## Task to carry out
Please repeat word for word the line containing "Old Town Apartment" and every following line up to and including the last one below, pictures excluded.

## Recorded information
------------------------------------------------------------------------

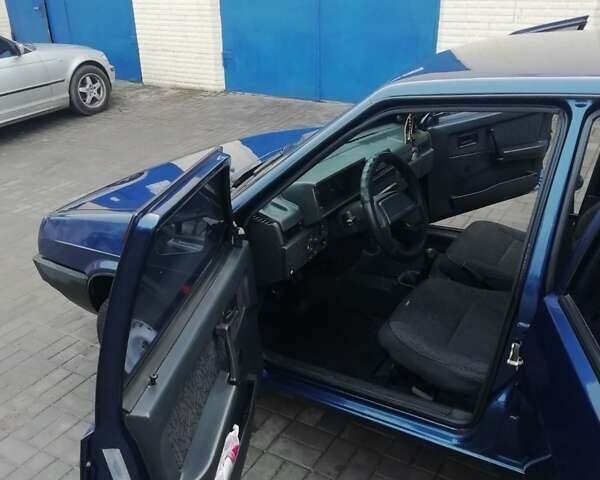 Синий ВАЗ 21099, объемом двигателя 1.5 л и пробегом 185 тыс. км за 2500 $, фото 2 на Automoto.ua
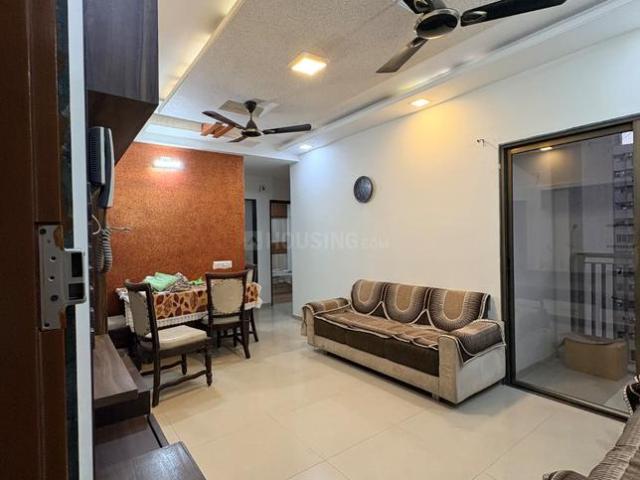 2 BHK Apartment in Makarba for rent Ahmedabad. The reference number is 20941356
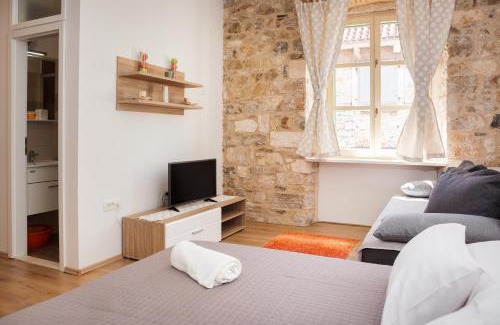 Old Town Apartment | Lux Cindro Studio in Split Center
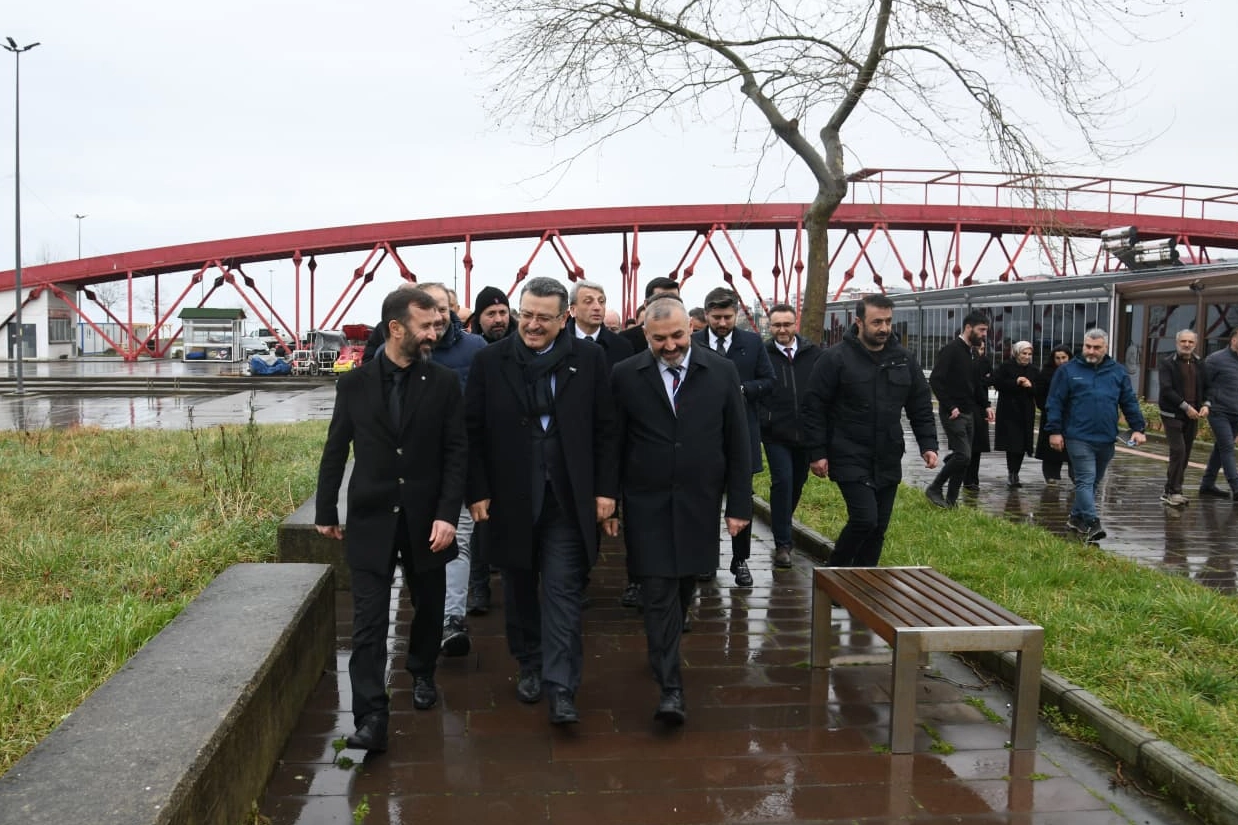 Trabzon Büyükşehir’den Arsin’e Ramazan ziyareti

------------------------------------------------------------------------

## Response to the exercise
 Old Town Apartment | Lux Cindro Studio in Split Center
 Trabzon Büyükşehir’den Arsin’e Ramazan ziyareti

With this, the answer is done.